Interpretation: The H matrix captures between-group variability — the portion of variance attributable to group membership. H_xx = 1.667 is very small (the groups had nearly identical covariate means), while H_y1y1 = 29.923 and H_y2y2 = 67.555 are larger, indicating meaningful group separation on the DVs. The cross-products H_xy1 = -0.951 and H_xy2 = -0.369 are near zero, reflecting the minimal between-group covariate variation. The verification confirms T_yy = H_yy + E_yy exactly, validating the matrix decomposition.

E.3 Compute Adjusted SSCP Matrices (Corrected for Covariate)

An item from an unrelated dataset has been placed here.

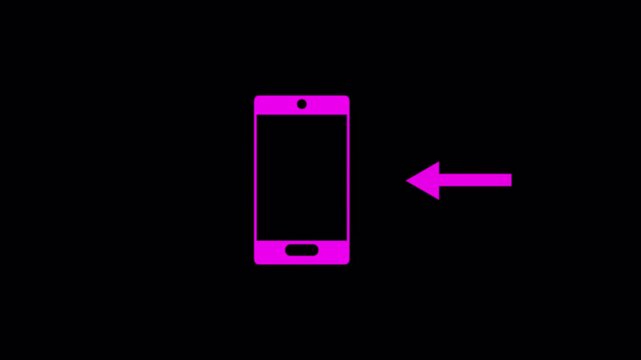 Incoming call sign animated on transparent background in 4k animation call sign animation with alpha channel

The covariate-adjusted SSCP matrix is calculated as follows:

\[E_{Y \cdot X} = E_{yy} - E_{yx} E_{xx}^{-1} E_{xy}\]

\[H_{A,Y \cdot X} = H_{yy} - (H_{yx} + E_{yx})(H_{xx} + E_{xx})^{-1}(H_{xy} + E_{xy}) + E_{yx} E_{xx}^{-1} E_{xy}\]

df for \(E_{Y \cdot X}\) = N - k - 1

# Adjusted Error Matrix E_Y.X
E_yx_vec <- matrix(c(E_xy1, E_xy2), ncol = 1)
E_xy_vec <- t(E_yx_vec)

E_YX    <- E_yy - (E_yx_vec %*% (1/E_xx) %*% E_xy_vec)
df_E_YX <- N - k - 1

cat("Adjusted Error Matrix E_Y.X\n")
## Adjusted Error Matrix E_Y.X
cat("df = N - k - 1 =", df_E_YX, "\n\n")
## df = N - k - 1 = 41
print(round(E_YX, 4))
##        t2     t3
## t2 5.5884 4.5833
## t3 4.5833 9.4685
# Adjusted Hypothesis Matrix H_A,Y.X
H_yx_vec <- matrix(c(H_xy1, H_xy2), ncol = 1)
H_xy_vec <- t(H_yx_vec)

H_plus_E_xx  <- H_xx + E_xx
H_plus_E_yx  <- H_yx_vec + E_yx_vec
H_plus_E_xy  <- H_xy_vec + E_xy_vec

H_AYX    <- H_yy - (H_plus_E_yx %*% (1/H_plus_E_xx) %*% H_plus_E_xy) +
            (E_yx_vec %*% (1/E_xx) %*% E_xy_vec)
df_H_AYX <- k - 1

cat("\nAdjusted Hypothesis Matrix H_A,Y.X (Treatment)\n")
## 
## Adjusted Hypothesis Matrix H_A,Y.X (Treatment)
cat("df = k - 1 =", df_H_AYX, "\n\n")
## df = k - 1 = 2
print(round(H_AYX, 4))
##         t2      t3
## t2 33.5824 47.6944
## t3 47.6944 69.8652

Interpretation: After adjusting for the covariate, the error matrix E_Y.X is dramatically reduced compared to the unadjusted E_yy. The adjusted error matrix diagonal elements are E_Y.X[t2,t2] = 5.5884 and E_Y.X[t3,t3] = 9.4685, compared to the unadjusted E_yy diagonals of 107.500 and 102.835, a reduction of approximately 95% in error for t2 and 91% for t3. The adjusted hypothesis matrix H_A,Y.X has diagonal elements 33.582 (t2) and 69.865 (t3), which are larger than the unadjusted H_yy diagonals (29.923 and 67.555), indicating that adjusting for the covariate actually revealed a slightly stronger group effect on both DVs.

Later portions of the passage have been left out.